Aim of the exercise – All lines from the one containing "Gold bathroom faucet" to the end of the listing below should be output exactly; omit the pictures.
____ The data
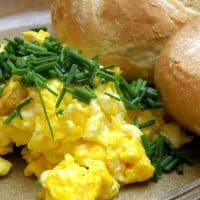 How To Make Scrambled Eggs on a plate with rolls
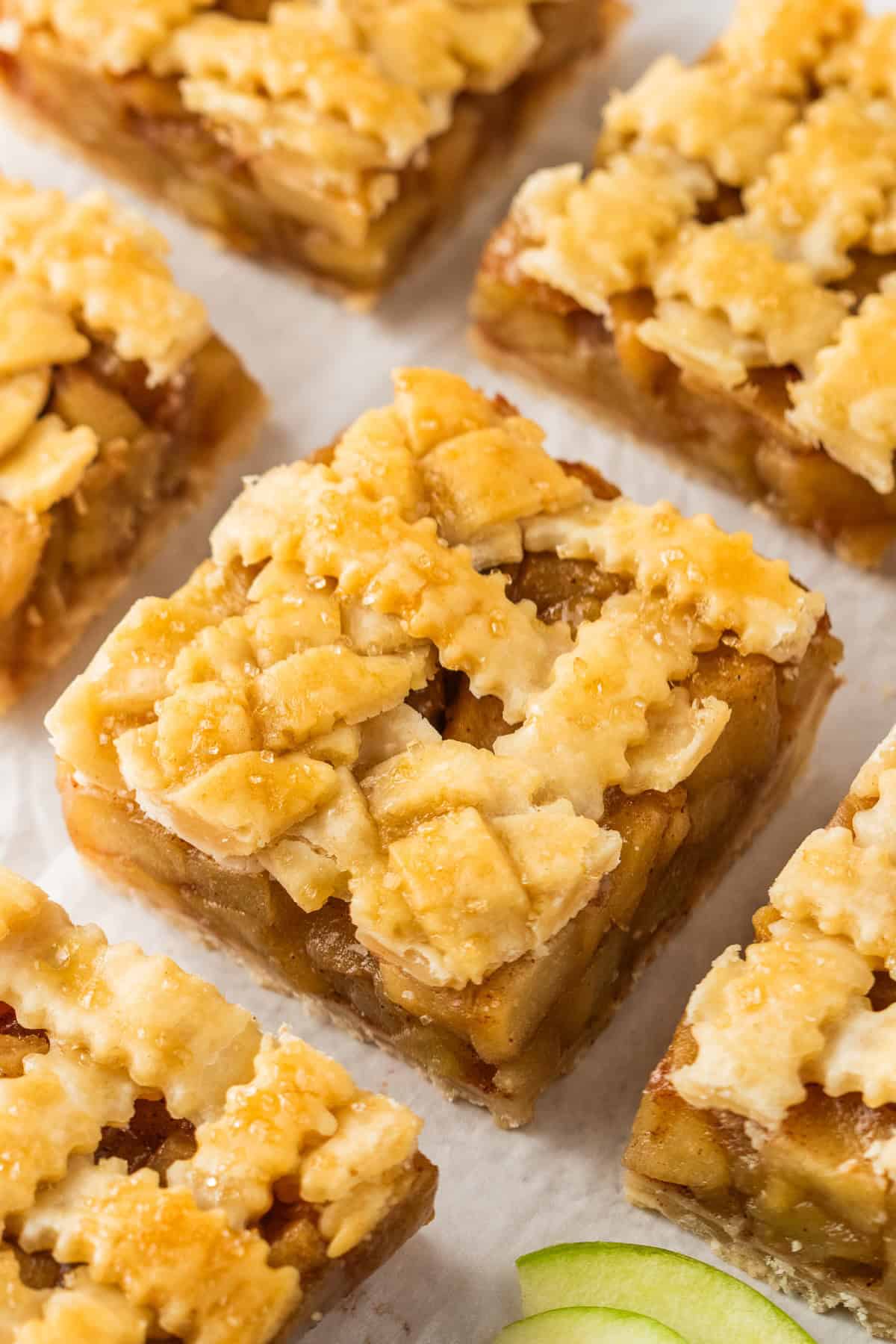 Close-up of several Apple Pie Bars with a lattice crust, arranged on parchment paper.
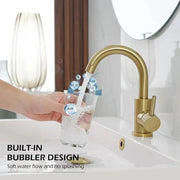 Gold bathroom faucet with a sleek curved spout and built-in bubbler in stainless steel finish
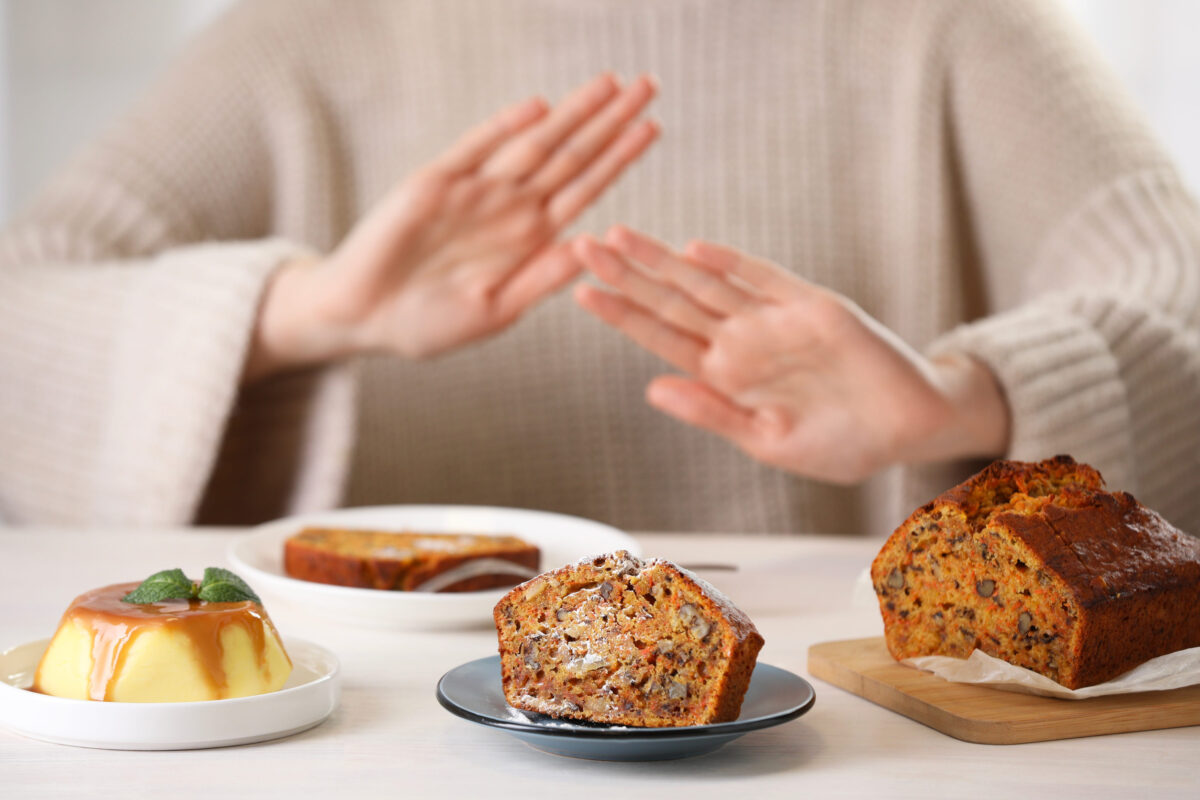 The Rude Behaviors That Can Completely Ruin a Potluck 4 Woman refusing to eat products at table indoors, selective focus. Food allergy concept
________
Task output –
 Gold bathroom faucet with a sleek curved spout and built-in bubbler in stainless steel finish
 The Rude Behaviors That Can Completely Ruin a Potluck 4 Woman refusing to eat products at table indoors, selective focus. Food allergy concept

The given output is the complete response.